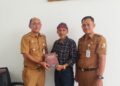 Perpustakaan Tubaba Terima Hibah Buku Pseudo Domocracy Dari Alumni Unila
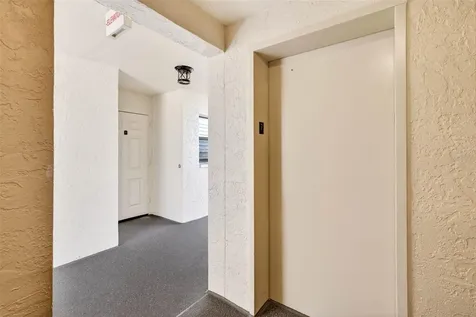 800 Cove Cay Drive Clearwater FL 33760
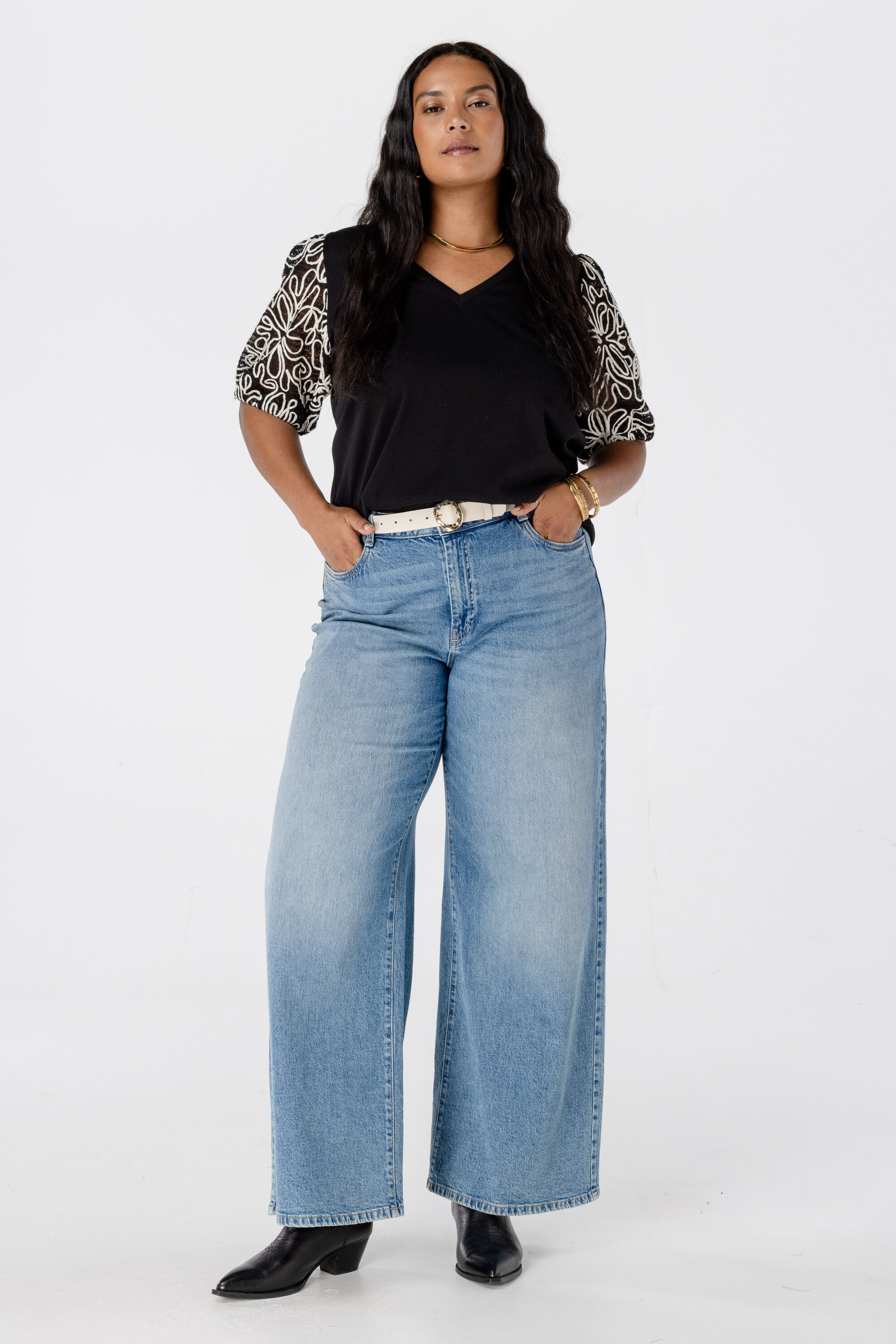 Haut avec manches brod&eacute;es image number 5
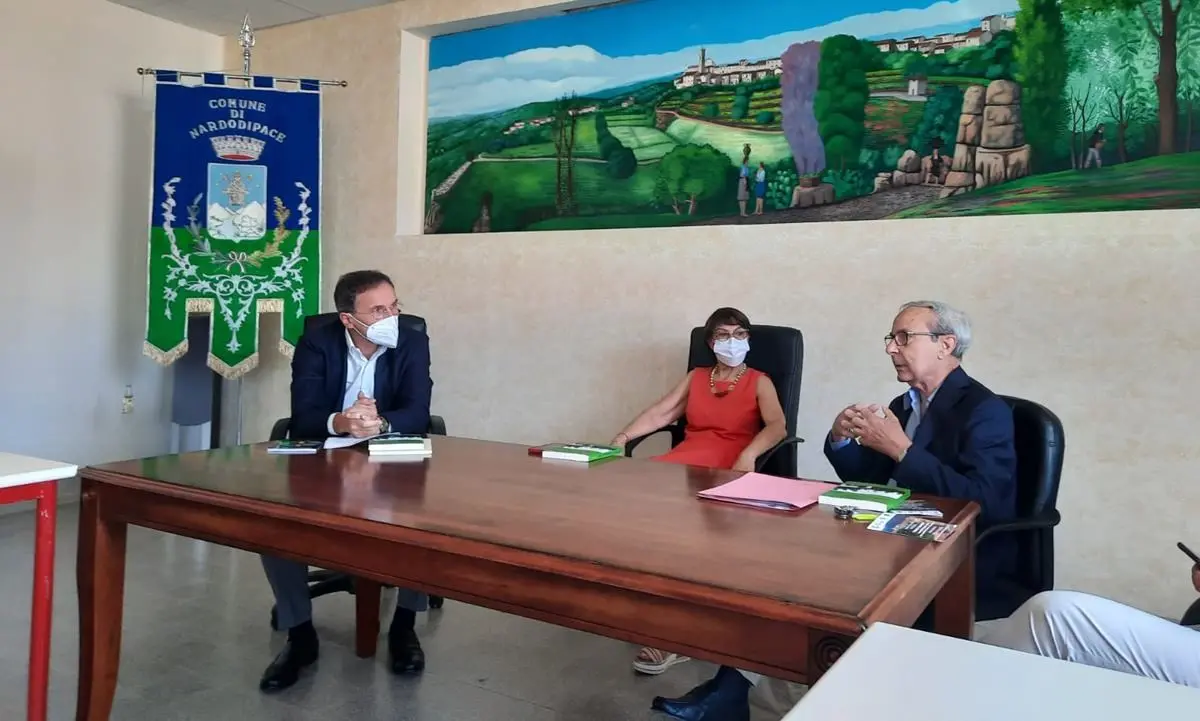 Nardodipace, Boccia con Bruni nel comune più povero d’Italia: «Aree interne e di montagna una priorità»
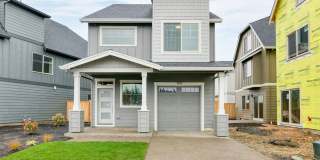 Beautiful Modern 4 Bedroom | 2.5 Bathroom | Single Family Home | Near Quatama Station! Beautiful Modern 4 Bedroom | 2.5 Bathroom | Single Family Home | Near Quatama Station! Gallery 1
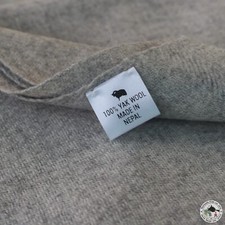 Reine Yakwolle, Schal "Kharayo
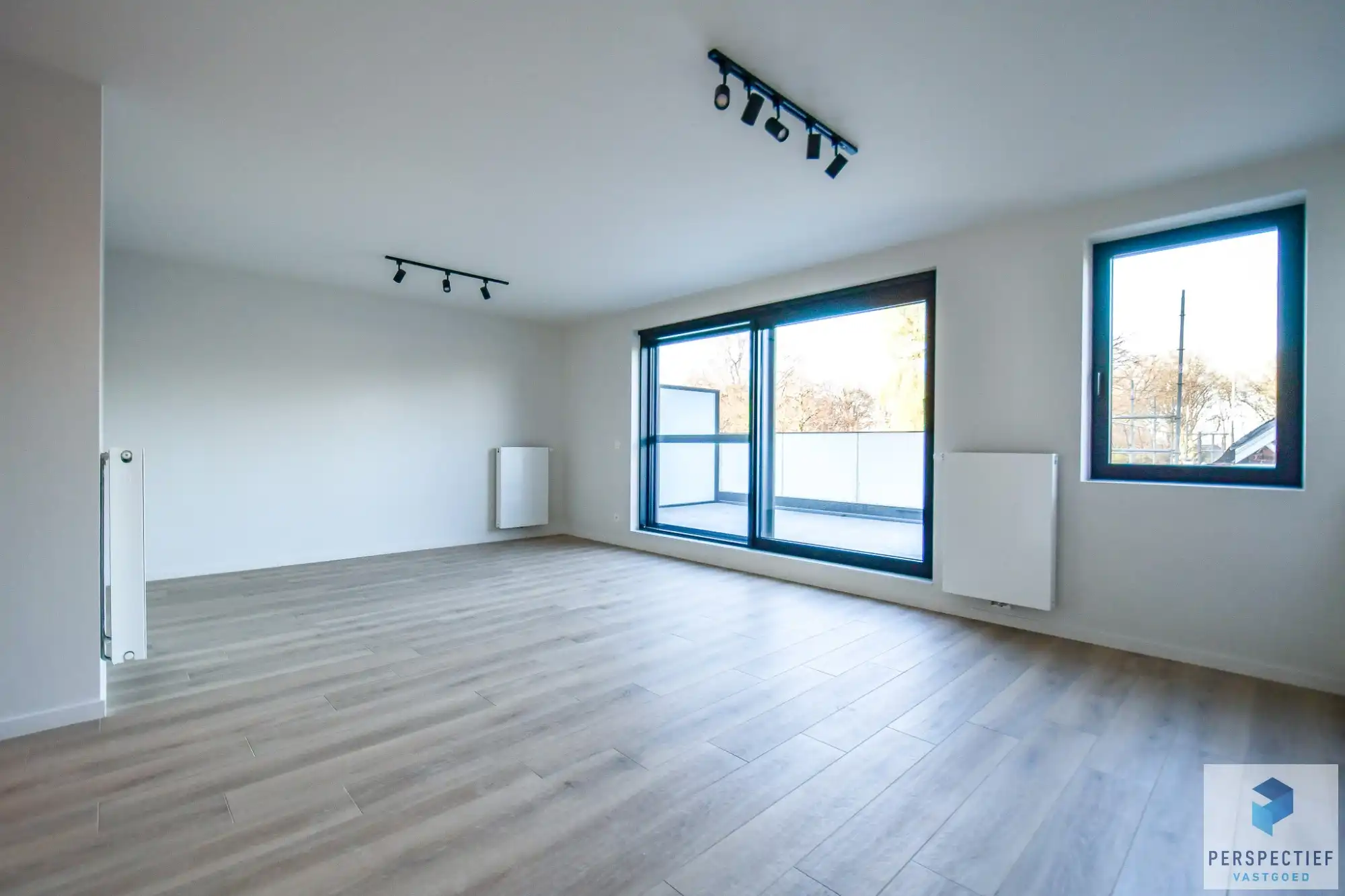 BEZOEKMOMENT WOENSDAG 10/06 VAN 16U30 TOT 18U | RECENT ENERGIEZUINIG APPARTEMENT met TERRAS & AUTOSTAANPLAATS foto 3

************

Retype the records exactly. Any image in them should not appear in what you write.

• Written solution:
 Perpustakaan Tubaba Terima Hibah Buku Pseudo Domocracy Dari Alumni Unila
 800 Cove Cay Drive Clearwater FL 33760
 Haut avec manches brod&eacute;es image number 5
 Nardodipace, Boccia con Bruni nel comune più povero d’Italia: «Aree interne e di montagna una priorità»
 Beautiful Modern 4 Bedroom | 2.5 Bathroom | Single Family Home | Near Quatama Station! Beautiful Modern 4 Bedroom | 2.5 Bathroom | Single Family Home | Near Quatama Station! Gallery 1
 Reine Yakwolle, Schal "Kharayo
 BEZOEKMOMENT WOENSDAG 10/06 VAN 16U30 TOT 18U | RECENT ENERGIEZUINIG APPARTEMENT met TERRAS & AUTOSTAANPLAATS foto 3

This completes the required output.